But it does sound like there is something in the barrel that is messing with the bullet jackets bad enough that some of them are blowing up in the air.

I'm purely guessing that it is only peripherally related to the blanked primers.

It could be something removable, or fixable. But it could also just be a duff barrel. Pretty rare with customs, but it does happen and something like the .17-204 won't tolerate anything less than an excellent barrel and chambering job.

After you've cleaned the holy hell out of it and go shoot it again, I'd be curious as to how many rounds before you clean and how much copper you get out of it.
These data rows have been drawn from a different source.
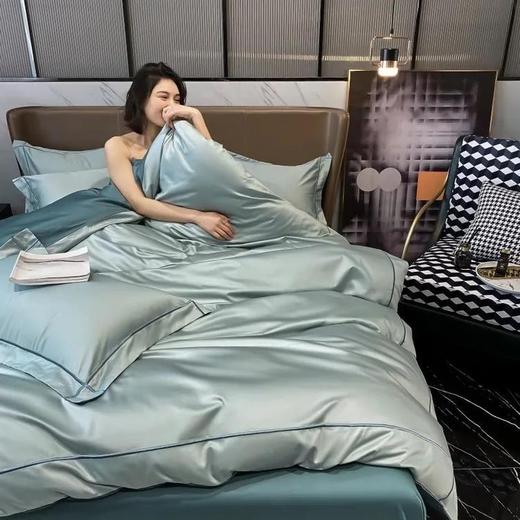 钱皇 长绒棉贡缎四件套 | 活性印染 久洗不易褪色 吸湿透气 柔软亲肤 如丝如缎 品质奢华 五星级体验 商品图1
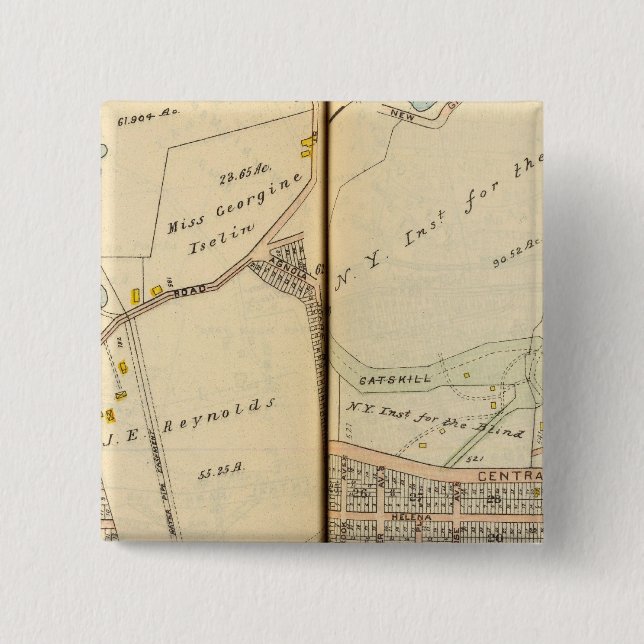 Yonkers, New York 2 15 Cm Square Badge (Front)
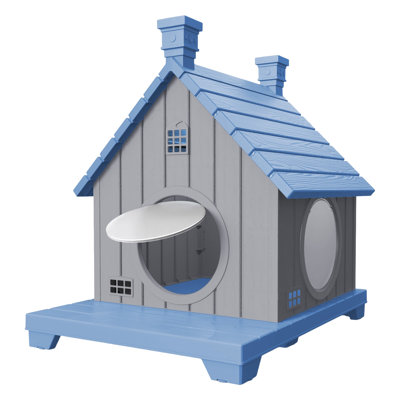 Maison de chat compacte et résistante aux intempéries, refuge en plastique robuste pour petits et moyens chats, assemblage facile
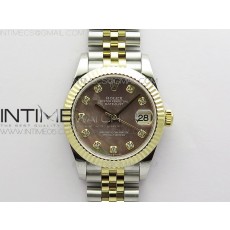 BP 롤렉스 데이저스트 31 옐로우골드콤비 자개다이얼 2813 Datejust 31mm 278273 SS/YG BP Best Edition Brown MOP Diamond Markers Dial on SS/YG Jubilee Bracelet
For comparison sake, the Lilja on my .17 Predator, I usually only clean it once or twice a season. After 40 - 50 rounds at ~4100 fps I only get a hint of blue after letting it soak 24 hours with Wipeout. It basically collects no copper at all. Same for my other Lilja .17 barrels and it's one of the big reasons I always recommend them to new .17 guys just having their first one built.

I have one ChroMo Douglas, it's a .22BR that I used to use for prairie dogs when I used to shoot them. Accurate as all hell, but it has copper fouled moderately bad since the day it was born. After 100 rounds or so, it has a LOT of copper in it. I started shooting Danzac coated pills in it to help, and that does help, but it sill gets quite a bit of copper built up over 100 rounds.

I have another .22BR with a Lilja, that can go 200 rounds and not have nearly as much fouling - it cleans up quick and easy.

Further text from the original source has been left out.